Most of the commentary about the Trudeau government’s recent fall economic update has focused on housing initiatives and debt projections. But the update also proposed significant new regulatory burdens on Canadian businesses to ostensibly lower prices for consumers. However, these proposals are ill-conceived, miss the root causes of the problem, and in some cases simply shift costs from one group of consumers to another.

For starters, the Trudeau government wants to amend the Competition Act, the federal law regulating competition in the marketplace, to establish a “Grocery Task Force” to supervise “big grocers,” stabilize prices, and monitor and investigate practices such as “shrinkflation”—that is, when producers reduce the size of products due to rising production costs.

While the government’s proposals are light on details about enforcement, it’s easy to imagine the difficulty the Competition Bureau, the federal law enforcement agency tasked with enforcing such things, would face in determining, for example, what constitutes shrinkflation. If a grocer changes the packaging size and price of a specific product, is that always shrinkflation? Or is that grocer, in an effort to cover their full costs, simply expanding the range of options for consumers who may opt for lower prices over higher volume?

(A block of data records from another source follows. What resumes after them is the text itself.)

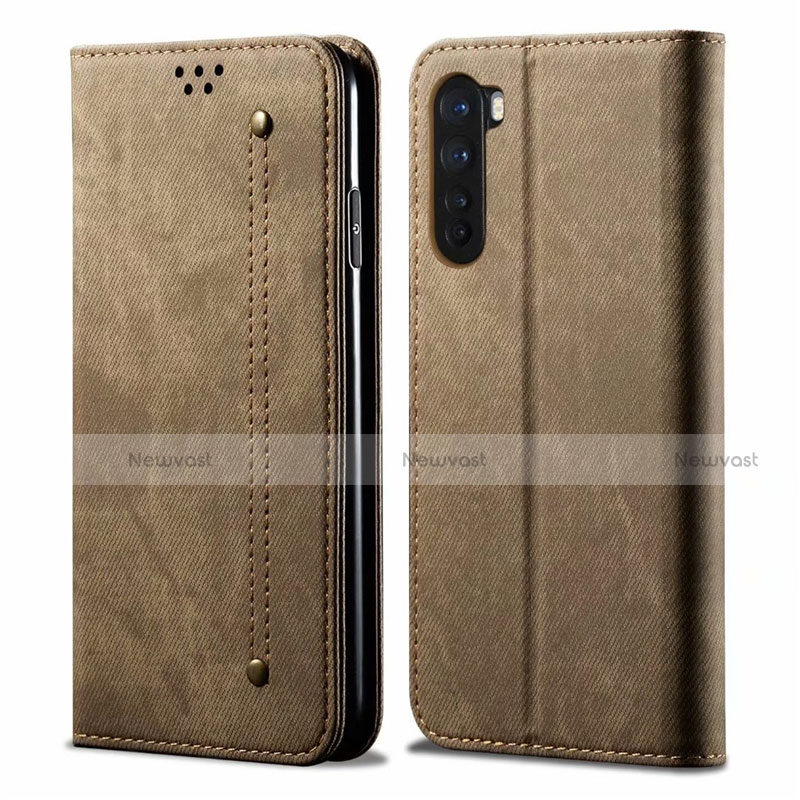 Cloth Case Stands Flip Cover for OnePlus Nord Khaki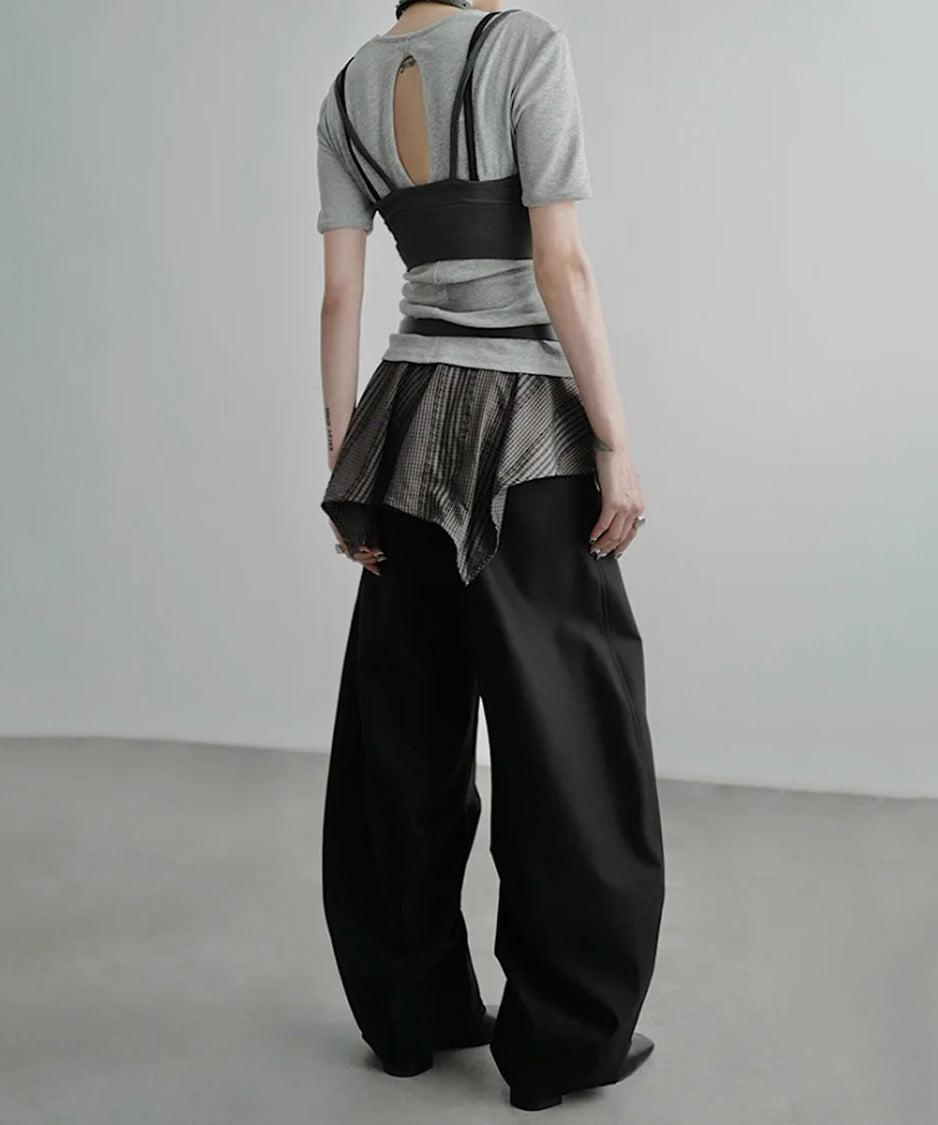 Shadow Flare Tuck Pants
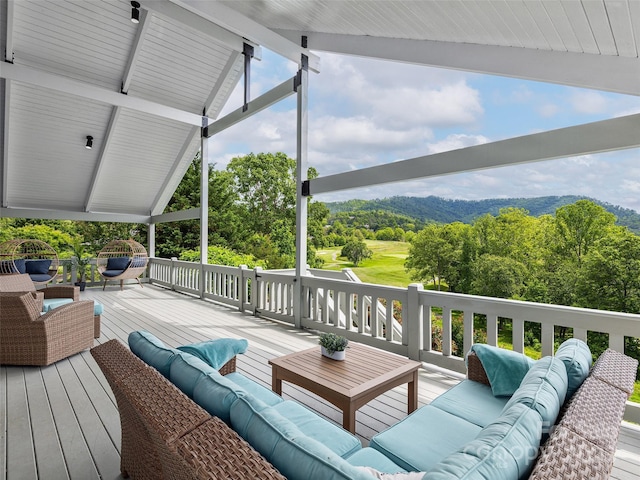 6 Lakeway Cir, Weaverville, NC 28787 - wooden deck featuring an outdoor hangout area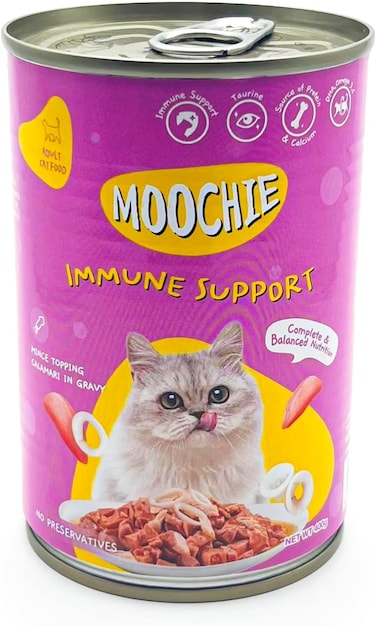 Moochie Mince With Calamari Cat Wet Food Can 400g  Pack of 12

In reality, if the Trudeau government wants to help lower food prices for Canadians, it would reduce tariffs on imported dairy and other food products and eliminate provincial marketing boards. These costs are passed on to consumers at the checkout line. 

Also according to the economic update, the government plans to crack down on so-called “junk fees” such as roaming charges, excessive banking fees, and airline fees. But how would competition authorities determine when certain fees are “junky” while other fees are legitimately meant to recover costs for services customers desire? Clearly, such judgments would be totally arbitrary. And if the government prohibits specific fees, without helping increase competition in the affected sector, the new fee prohibitions will likely result in increased prices for other transactions involving affected businesses. In an effort to reduce prices for Canadians, the Trudeau government will simply push costs from one consumer—or one transaction—to another. 

It’s also noteworthy that the worst-offending industries, in the government’s eyes, are among the most sheltered from foreign competition. Specifically, in Canada, foreign ownership restrictions in sectors such as media/telecommunications and air transportation are among the most restrictive in the developed world. If the government wants to meaningfully protect consumers, it would scrap direct and indirect restrictions on foreign competition in these industries—for example, eliminate “cabotage” regulations that prevent foreign airlines from operating domestic routes within Canada. More competition in the air means lower prices for Canadian air travellers. 

Finally, the Trudeau government wants to address so-called “planned obsolescence” where manufacturers create demand for more expensive new versions of existing products by deliberately designing products (e.g. smartphones) to wear out or function less effectively over a relatively short period of time. But the concept of planned obsolescence is open to debate since informed consumers in a competitive marketplace will purchase products at the lowest available price with “lifespan” (and other factors) in mind.

Furthermore, planned obsolescence is often—if not always—in the consumer’s best interest. “Value engineering” is a design process meant to use as little material as possible in a product while still delivering an acceptable lifespan. For example, the useful life of a smartphone is limited to a few years due to rapid technological improvements in both software and hardware. It would be wasteful to build a smartphone with a physical lifespan much longer than its useful lifespan. Competition policy bureaucrats in Ottawa are likely ill-equipped to distinguish between efficient and inefficient product obsolescence.

Increasing competition in Canada is a worthy objective. Unfortunately, the Trudeau government’s latest proposals seem more designed to win votes than improve the welfare of Canadian consumers.